Alex Nikolavitch a dit…
J'ai pas d'opinion là-dessus, mais ce serait pas la première fois qu'on renomme des villes…

Lutèce, Stalingrad, etc…
Tonton Rag a dit…
Je ne dis pas qu'il faut renommer leur capitale, je dis que s'ils veulent rester cohérent, ils devraient le faire.
Alex Nikolavitch a dit…
J'ai appris dernièrement que le Swaziland a été renommé y a deux ans, tiens (il a repris son nom d'avant la colonisation, Eswatini).
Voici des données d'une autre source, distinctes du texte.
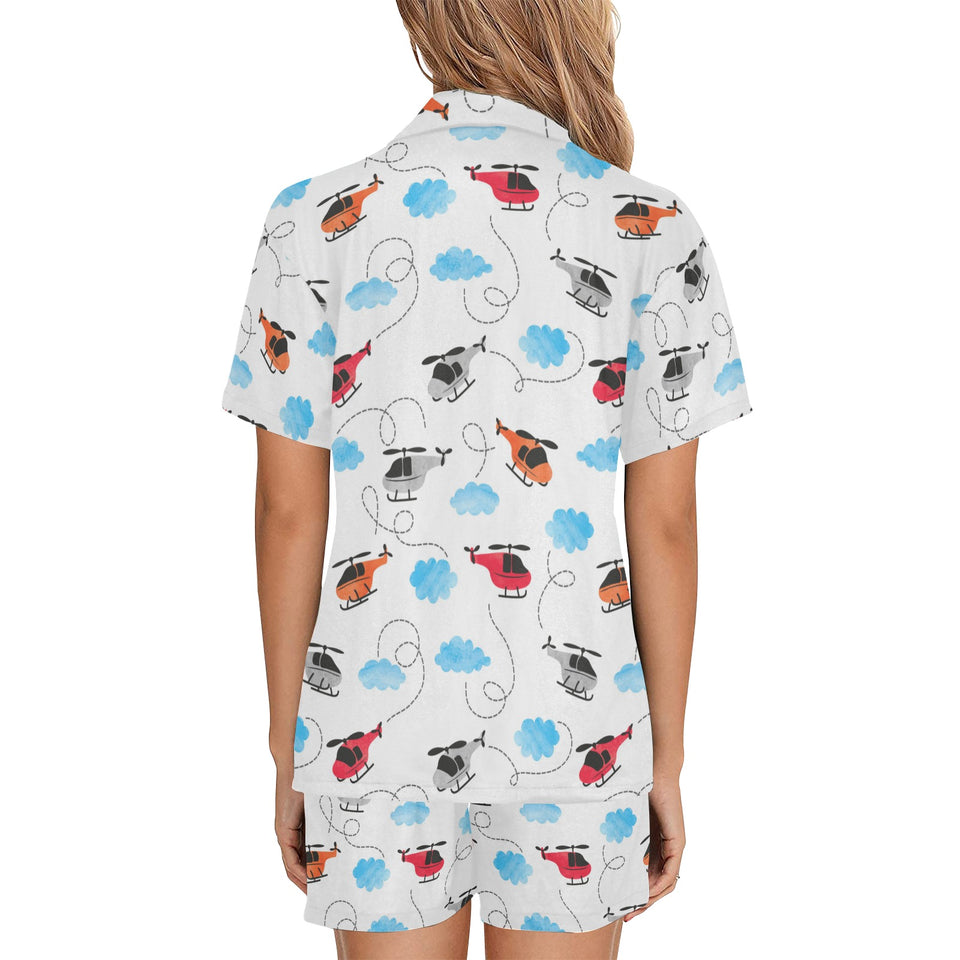 Watercolor helicopter cloud pattern Women's V-Neck Short Pajama Set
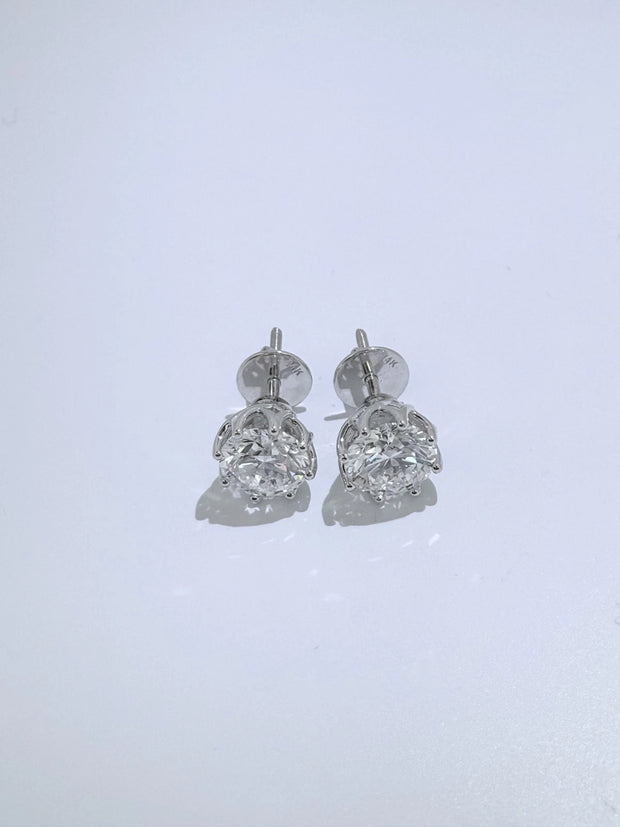 Eternal Brilliance 2.00 Ct Lab-Grown Diamond Round Studs in 14K White Gold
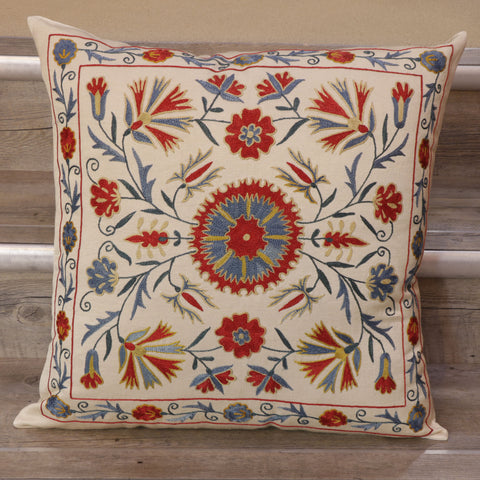 Handmade Uzbek Suzani Silk Cushion - 307746-7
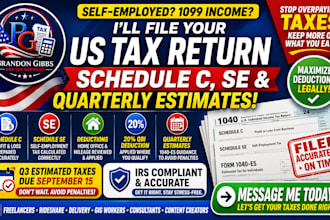 file your US tax return self employed 1099 schedule c se and quarterly estimates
Moi qui ai tendance à encore dire Birmanie, Ceylan ou Macédoine, me v'la frais.
Tonton Rag a dit…
Test d'actualité pour Alex : tonton Rag habite en
a) Gaule chevelue
b) Austrasie
c) Lotharingie
d) Lorraine
e) Région Grand Est
f) Garystan
Alex Nikolavitch a dit…
de base, tout lieu où tu traines longuement de la semelle devient un Garystan.

je ne reconnais pas la "région Grand Est" parce que là, ils se sont vraiment pas pété une clavicule pour la trouver, ils auraient quand même pu faire un effort.

ça a fait partie de l'Austrasie, de mémoire, et bien entendu de la Lotharingie.